### Work to be completed
Quote word for word the lines starting at the line with "Micro Gold Plated" and ending at the final line of the entries. Leave out any pictures.

-------- Recorded data --------

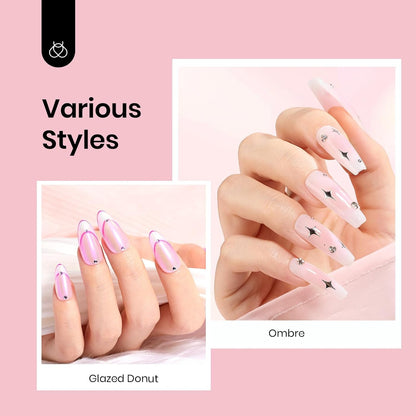 Beetles Neutral Gel Nail Polish 15Ml Jelly Nude Pink Gel Polish Set Sheer Pink Soak off UV LED Translucent Effect French Nail Art Spring Summer Manicure Gift for Women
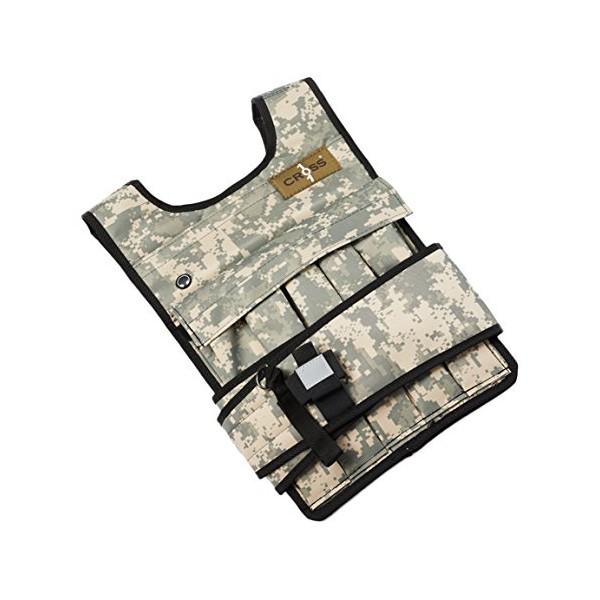 CROSS101 Adjustable Camouflage Weighted Vest with Shoulder Pads, 60 lb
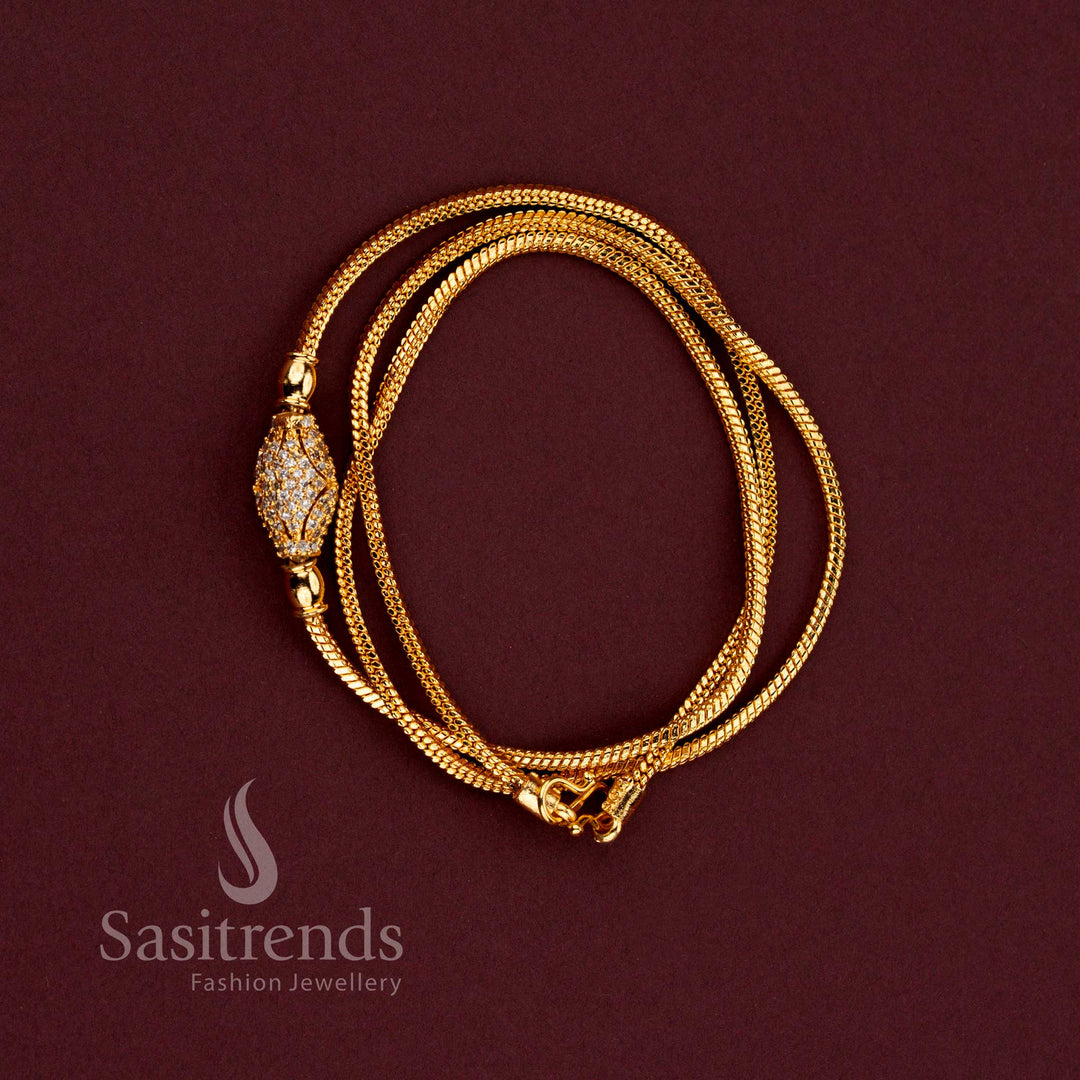 Micro Gold Plated Oval Ball AD Stone Designer Mugappu Chain with Sparkling White Stones and Traditional Gold Look Finish for Women - Sasitrends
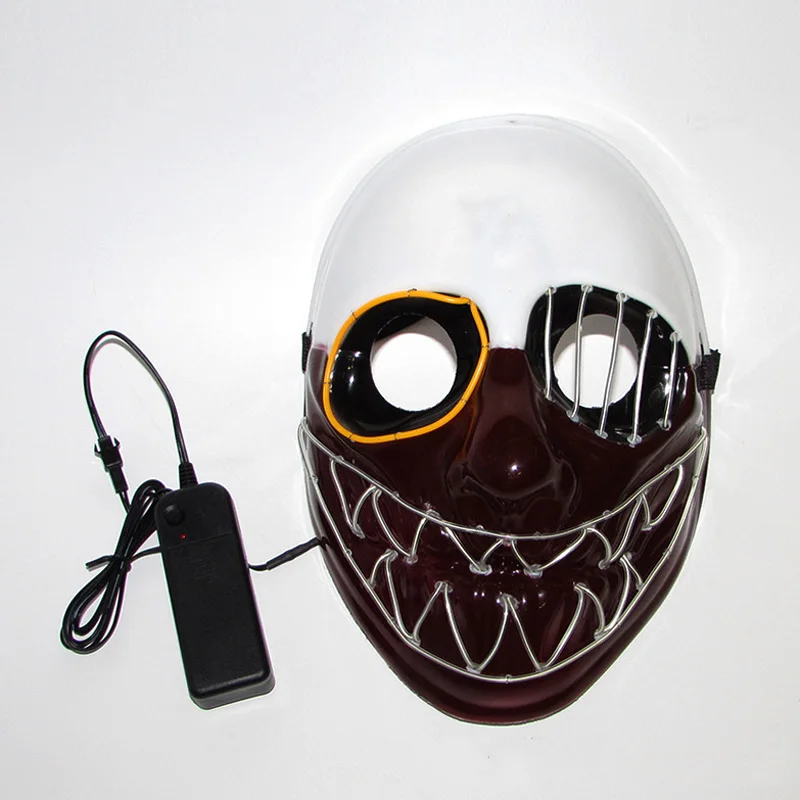 Flashing Toy EL Wire Mask Battery Operated Masquerade Clown LED Neon Light for Glowing Dance Carnival Party Halloween Masks | Освещение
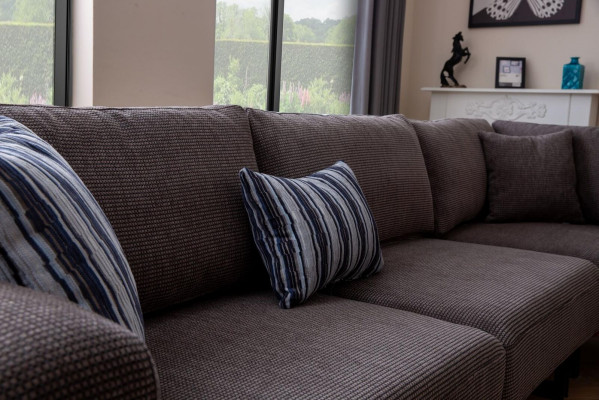 Designer sofa L-shape upholstery textile modern brown luxury living landscape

--------

### Response area
 Micro Gold Plated Oval Ball AD Stone Designer Mugappu Chain with Sparkling White Stones and Traditional Gold Look Finish for Women - Sasitrends
 Flashing Toy EL Wire Mask Battery Operated Masquerade Clown LED Neon Light for Glowing Dance Carnival Party Halloween Masks | Освещение
 Designer sofa L-shape upholstery textile modern brown luxury living landscape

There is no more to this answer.